I want to make two points. The first is about the motivation for this. The impact assessment says that it wants to save teachers’ time and reduce the workload. One of the reasons given is that the 2014 national curriculum changes took away the framework of support for teachers, which now has to be replaced. That was eight years of things going wrong because of the inadequacy of the 2014 curriculum reforms and this is about trying to put that back in place.
What worries me most and what I just cannot get my head around is this. If you went to teachers and said, “We are the Government and we have millions of pounds; what do you most want us to do to take workload off your shoulders?”, none of them would say, “Give a pile of money to the Oak National Academy and let it produce off-the-shelf lesson plans and curriculum packages.” The irony is that the DfE and Ofsted have argued for this. If you asked teachers who they would most cite as putting pressure on them, they would say the DfE and Ofsted.
I just cannot think through the fact that we seem to be creating a system in which it is easier for teachers to use off-the-shelf lesson plans, as that would give them time to fill in returns for Ofsted and the DfE. I taught for 18 years and the thing I most wanted to do was a lesson plan. That is what I went into the job to do. It was my skill and my training. If teachers spend half an hour a day looking for information on the internet, then thank goodness; they are professionals. That is what they are meant to be doing. Why would you put in place something that meant that a science teacher or similar was not spending half an hour a day looking for up-to-date information on the internet? If the Government want to reduce workload, I suggest that they are going about it the wrong way.
I think this is about control. The evidence for that is in the impact statement. The summary asks why Oak was chosen. It could not be the DfE, because the teachers would not trust it. It could not be private sector procurement, because it would not be “aligned with government policy”. Think about that: the Government are not doing it themselves, because they know that teachers do not trust them, and they are not putting it out to tender, because they do not trust private sector publishers to align with government policy, so they have set up an arm’s-length body to—as the impact statement says time and again—align with government strategy. That is the giveaway.
I have a great deal of time for the person who runs Oak. He is a star. He is a young educationalist who I hope has more and more influence on our education system in years to come, but this has not done Oak any favours.

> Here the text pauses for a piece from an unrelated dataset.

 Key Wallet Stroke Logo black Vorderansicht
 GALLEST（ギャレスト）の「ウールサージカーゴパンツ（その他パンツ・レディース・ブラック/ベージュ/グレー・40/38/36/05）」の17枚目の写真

My second point is to reiterate the point that the noble Lord, Lord Vaizey, made about the BBC. It is the reason; it is the whole rationale. If you need one argument against this, it is: use the BBC. I tried a digital curriculum from the BBC prior to this, and what we were going to do was wonderful. We lost in the courts and some people’s professional careers were damaged because of that. It would have been good, and it would have had all the accountability, visibility and openness that the BBC would have brought to the process. I justified that because it is a public sector broadcaster, but Oak has none of that: it is not a public sector broadcaster, it does not have a public sector remit and it does not have that accountability. There are a number of reasons why we should ask the Government to reconsider.